Starting at the line that contains "Beyaz arka planda", retype each line to the end of the listing below. Include both ends, but not the pictures.

PROVIDED DATA |
▼

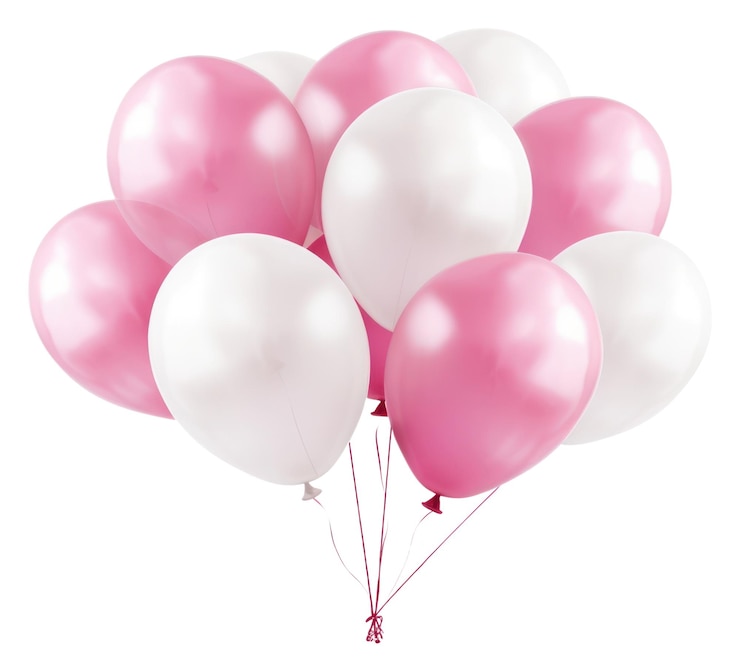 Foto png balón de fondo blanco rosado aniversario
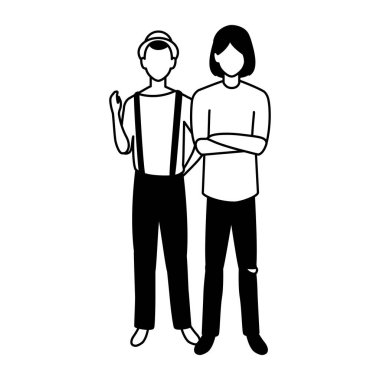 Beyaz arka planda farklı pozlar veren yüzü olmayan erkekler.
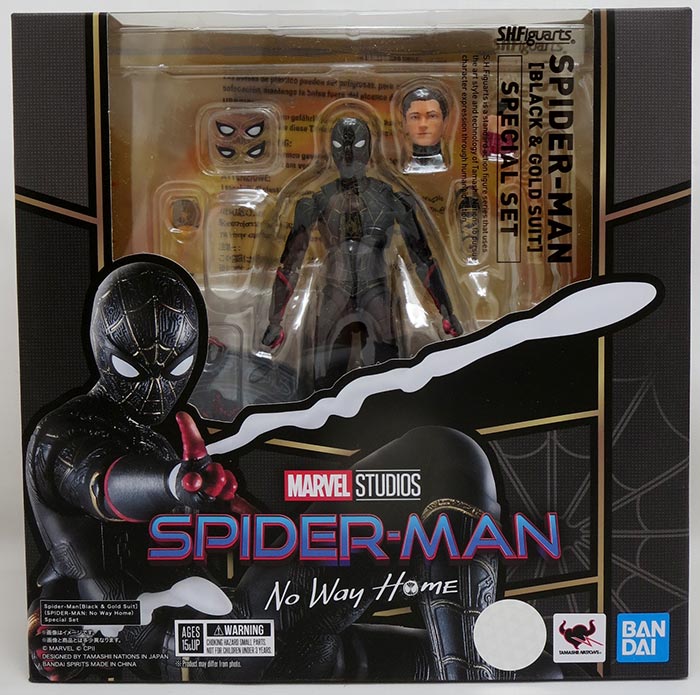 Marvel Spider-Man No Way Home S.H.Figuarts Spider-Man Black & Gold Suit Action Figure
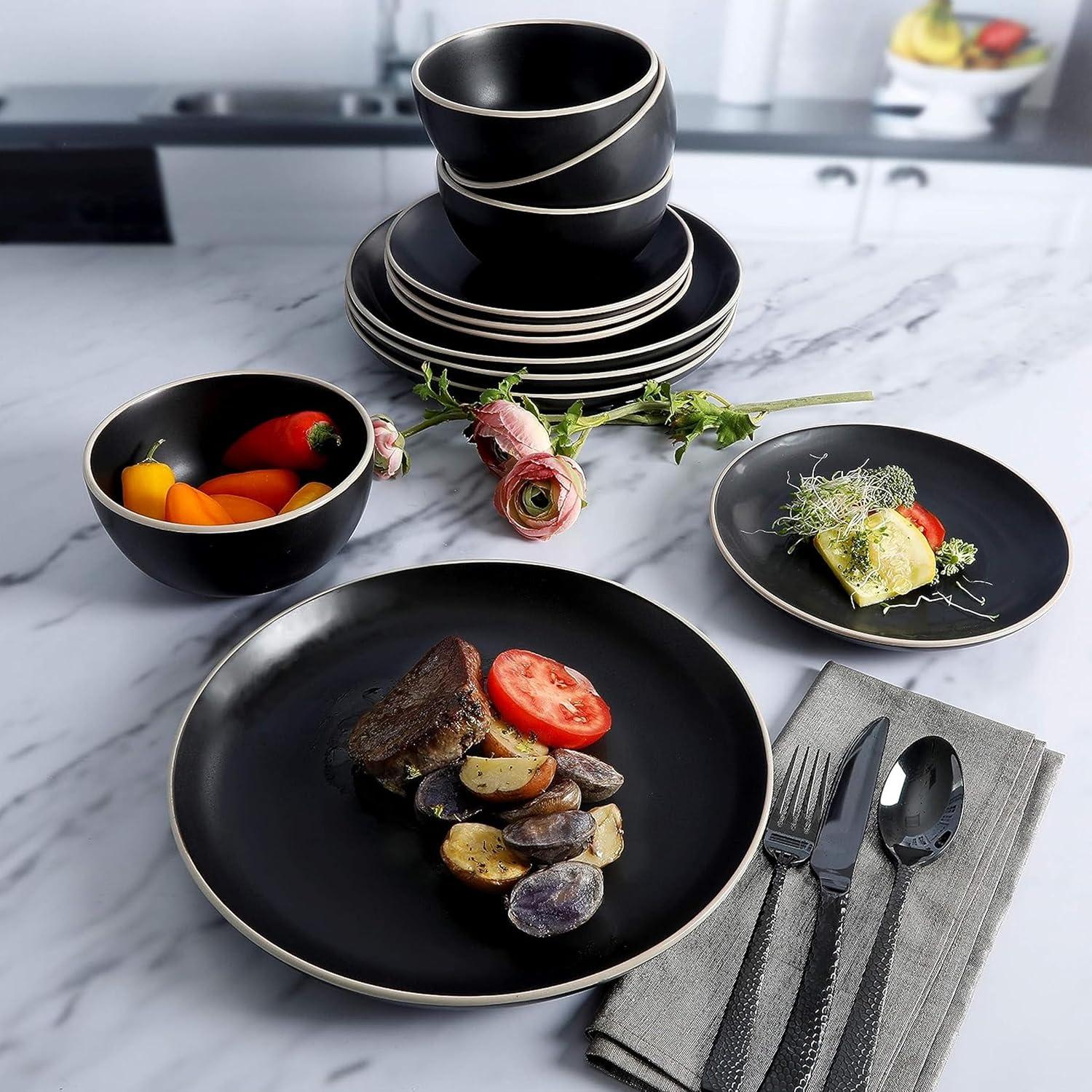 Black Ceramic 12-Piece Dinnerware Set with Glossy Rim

▲

WORKED SOLUTION |
 Beyaz arka planda farklı pozlar veren yüzü olmayan erkekler.
 Marvel Spider-Man No Way Home S.H.Figuarts Spider-Man Black & Gold Suit Action Figure
 Black Ceramic 12-Piece Dinnerware Set with Glossy Rim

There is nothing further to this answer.